Additionally, it is to mention also the increasing importance of stakeholder management in explaining why double materiality is taking root for the disclosure and reporting of financial institutions – not only with policymakers but also among investors.
Certainly, a double materiality perspective captures the dynamic nature of materiality: sustainability issues today may evolve into financially material risks tomorrow.
To achieve the issues contained in the double materiality approach, regarding to both financial and sustainability aspects that financial institutions have to disclose, it is fundamental taking into account the guidelines emanated by the European Central Bank (ECB) in the thematic review into banks’ strategies and their governance and risk management frameworks, examining whether banks adequately identify and manage climate risks as well as environmental risks.
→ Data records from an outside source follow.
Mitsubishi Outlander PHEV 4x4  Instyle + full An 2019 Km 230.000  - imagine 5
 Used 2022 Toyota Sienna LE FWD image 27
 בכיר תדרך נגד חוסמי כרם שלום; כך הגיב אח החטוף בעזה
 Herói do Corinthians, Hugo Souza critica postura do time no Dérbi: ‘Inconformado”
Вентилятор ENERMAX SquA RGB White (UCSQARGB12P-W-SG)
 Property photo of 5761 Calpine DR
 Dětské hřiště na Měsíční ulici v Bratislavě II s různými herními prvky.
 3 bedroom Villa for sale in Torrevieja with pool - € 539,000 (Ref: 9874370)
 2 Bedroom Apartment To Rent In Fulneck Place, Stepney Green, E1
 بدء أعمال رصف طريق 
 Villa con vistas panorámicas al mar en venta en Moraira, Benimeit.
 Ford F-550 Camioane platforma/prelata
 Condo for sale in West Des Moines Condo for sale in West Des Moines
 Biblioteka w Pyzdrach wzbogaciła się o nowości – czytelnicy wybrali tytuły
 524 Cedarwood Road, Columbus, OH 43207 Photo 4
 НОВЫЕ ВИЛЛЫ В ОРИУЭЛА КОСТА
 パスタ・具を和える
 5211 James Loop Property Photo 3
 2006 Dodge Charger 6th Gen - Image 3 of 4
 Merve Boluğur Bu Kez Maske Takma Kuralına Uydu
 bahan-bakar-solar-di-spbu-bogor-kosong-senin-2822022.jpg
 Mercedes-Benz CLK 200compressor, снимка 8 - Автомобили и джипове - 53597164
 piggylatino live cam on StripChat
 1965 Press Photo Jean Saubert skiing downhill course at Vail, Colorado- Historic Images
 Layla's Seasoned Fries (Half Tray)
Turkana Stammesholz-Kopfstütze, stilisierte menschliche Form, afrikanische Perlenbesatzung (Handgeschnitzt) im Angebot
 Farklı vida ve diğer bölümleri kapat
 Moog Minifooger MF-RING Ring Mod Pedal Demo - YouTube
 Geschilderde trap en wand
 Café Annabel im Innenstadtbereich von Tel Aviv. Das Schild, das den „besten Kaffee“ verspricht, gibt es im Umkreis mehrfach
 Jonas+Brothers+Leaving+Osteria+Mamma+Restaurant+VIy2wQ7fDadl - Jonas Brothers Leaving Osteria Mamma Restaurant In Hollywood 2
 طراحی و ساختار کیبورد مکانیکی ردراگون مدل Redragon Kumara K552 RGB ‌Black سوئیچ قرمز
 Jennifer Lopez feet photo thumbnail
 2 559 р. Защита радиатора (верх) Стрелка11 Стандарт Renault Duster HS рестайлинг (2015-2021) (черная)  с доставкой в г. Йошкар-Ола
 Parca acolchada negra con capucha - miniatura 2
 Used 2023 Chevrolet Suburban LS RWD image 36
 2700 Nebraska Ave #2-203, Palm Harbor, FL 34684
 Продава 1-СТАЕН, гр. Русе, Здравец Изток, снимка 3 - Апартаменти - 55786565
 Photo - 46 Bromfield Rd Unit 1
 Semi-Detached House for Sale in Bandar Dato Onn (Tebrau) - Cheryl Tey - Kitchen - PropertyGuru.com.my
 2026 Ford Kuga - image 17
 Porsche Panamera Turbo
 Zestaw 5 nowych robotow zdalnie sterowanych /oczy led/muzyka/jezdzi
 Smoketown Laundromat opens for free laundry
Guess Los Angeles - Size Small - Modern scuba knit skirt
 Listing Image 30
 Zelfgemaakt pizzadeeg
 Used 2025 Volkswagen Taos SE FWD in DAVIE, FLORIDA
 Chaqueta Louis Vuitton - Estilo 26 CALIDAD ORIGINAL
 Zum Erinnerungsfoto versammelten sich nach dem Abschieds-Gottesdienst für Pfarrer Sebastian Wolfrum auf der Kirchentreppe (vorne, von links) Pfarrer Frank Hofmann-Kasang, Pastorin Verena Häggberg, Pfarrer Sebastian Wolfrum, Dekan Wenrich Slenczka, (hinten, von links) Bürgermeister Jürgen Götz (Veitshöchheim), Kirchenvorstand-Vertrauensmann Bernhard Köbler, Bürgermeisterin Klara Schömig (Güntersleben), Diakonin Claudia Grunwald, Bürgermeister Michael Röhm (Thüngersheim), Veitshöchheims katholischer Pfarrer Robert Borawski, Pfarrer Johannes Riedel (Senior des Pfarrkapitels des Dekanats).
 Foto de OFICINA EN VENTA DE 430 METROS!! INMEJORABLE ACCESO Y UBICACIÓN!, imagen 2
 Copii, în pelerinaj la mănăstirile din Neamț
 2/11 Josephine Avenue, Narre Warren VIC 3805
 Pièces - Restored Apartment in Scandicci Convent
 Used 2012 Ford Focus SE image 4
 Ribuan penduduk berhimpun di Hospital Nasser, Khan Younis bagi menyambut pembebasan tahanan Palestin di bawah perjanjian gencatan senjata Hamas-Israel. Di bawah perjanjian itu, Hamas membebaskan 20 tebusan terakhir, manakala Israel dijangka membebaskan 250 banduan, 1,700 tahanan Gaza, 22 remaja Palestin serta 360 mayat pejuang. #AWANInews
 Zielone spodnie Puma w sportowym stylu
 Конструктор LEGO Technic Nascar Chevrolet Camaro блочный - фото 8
In fact the ECB set of the milestones for all Banks, plans to:
- by March 2023: to define a comprehensive materiality assessment of the impact of climate and environmental risks on their activities;
- by the end of March 2023: to define the inclusion of climate and environmental risks in their governance, strategy and risk management;
- by the end of 2024: to define the inclusion of climate and environmental risks integrated into stress testing frameworks.
In order to meet the above mentioned achievements, Synesgy is the right tool to align the regulatory frameworks and to assess the ESG performances of financial institutions portfolios and investments.
Through the ESG evaluation and the assessment provided by Synesgy, banks and financial institutions in general can easily address concrete and tangible benefits for each ESG pillar, as explained below.
- Measuring Carbon Footprint portolios;
- Monitoring climate-related impacts.
- Reporting of subsidiaries’ social impacts;
- Enhancing suppliers’ sustainable culture.
- Enhancing governance policies disclosure;
- Reporting systemic risk management.
Concluding, it is worthed to say that it is widely recognized the growing recognition that companies and investors should support for a fair and just transition for workers and communities as they mobilise capital to realise critical climate objectives over the next decade.
This means that topics including responsible company re-organisation, career development and retraining, and community relations will be critical components as companies look to decarbonise their business models and balance sheets.
It is also believed that ESG assessments on companies should speak to more than just their ability to manage ESG-driven financial risks: to address this purpose Synesgy is the tool that allows to capture how financial companies are generating value that extends beyond shareholders to diverse stakeholder communities and the environment itself.